### Problem statement
One line at a time, check the entries below for the word "Women", and copy each line that has it.

### Source material

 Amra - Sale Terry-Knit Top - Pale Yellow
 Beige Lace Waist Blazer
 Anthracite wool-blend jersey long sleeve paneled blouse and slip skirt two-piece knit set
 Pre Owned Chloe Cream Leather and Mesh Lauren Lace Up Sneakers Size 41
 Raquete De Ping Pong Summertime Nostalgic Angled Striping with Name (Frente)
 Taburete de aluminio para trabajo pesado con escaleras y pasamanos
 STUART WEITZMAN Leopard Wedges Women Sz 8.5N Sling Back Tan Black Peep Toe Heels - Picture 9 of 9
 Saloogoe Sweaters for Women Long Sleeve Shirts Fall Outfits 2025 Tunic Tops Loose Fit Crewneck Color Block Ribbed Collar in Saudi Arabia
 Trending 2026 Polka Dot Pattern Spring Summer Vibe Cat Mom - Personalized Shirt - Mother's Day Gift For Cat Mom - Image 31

...

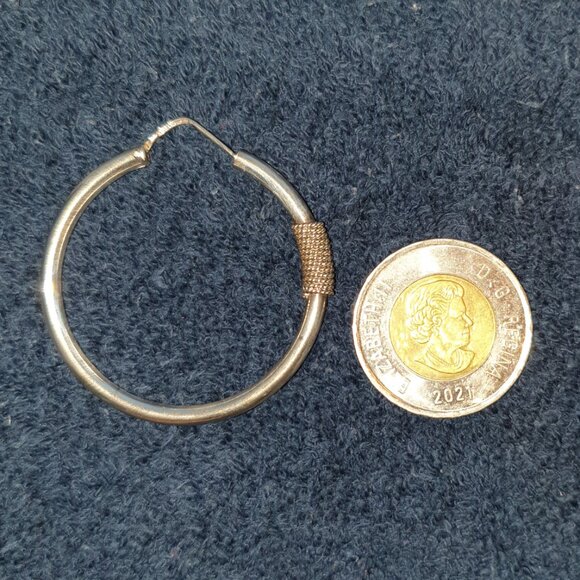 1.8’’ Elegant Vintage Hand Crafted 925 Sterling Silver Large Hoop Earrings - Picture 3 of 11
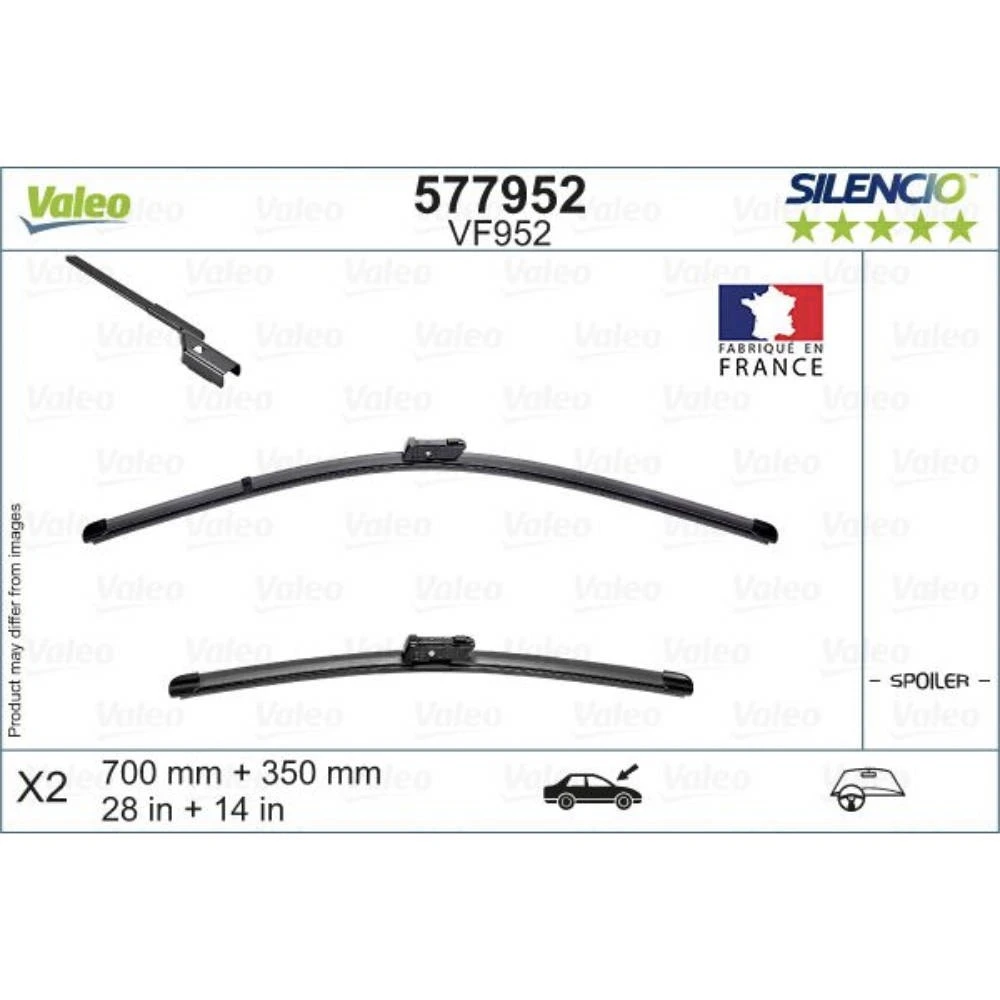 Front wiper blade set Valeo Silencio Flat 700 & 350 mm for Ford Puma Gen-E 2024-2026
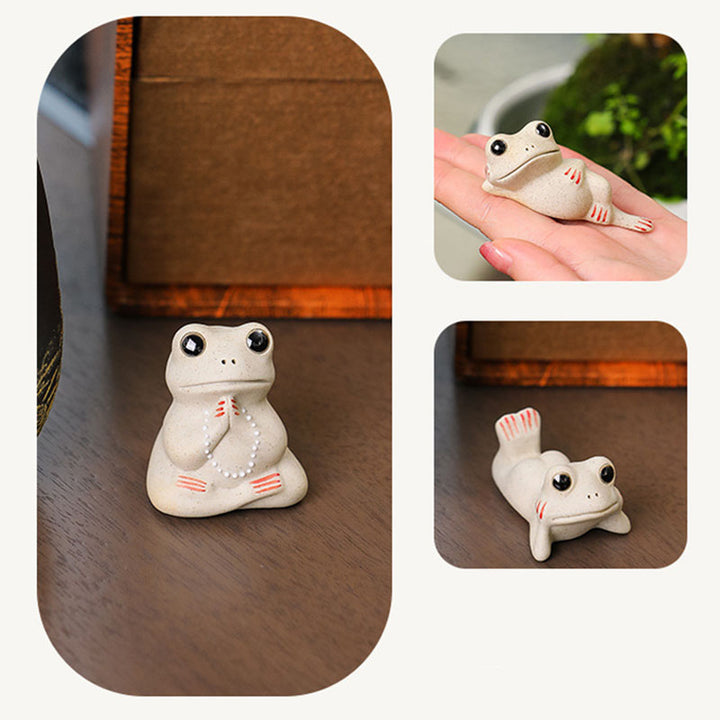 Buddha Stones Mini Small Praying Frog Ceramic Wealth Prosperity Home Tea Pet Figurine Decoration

### Answer space
 STUART WEITZMAN Leopard Wedges Women Sz 8.5N Sling Back Tan Black Peep Toe Heels - Picture 9 of 9
 Saloogoe Sweaters for Women Long Sleeve Shirts Fall Outfits 2025 Tunic Tops Loose Fit Crewneck Color Block Ribbed Collar in Saudi Arabia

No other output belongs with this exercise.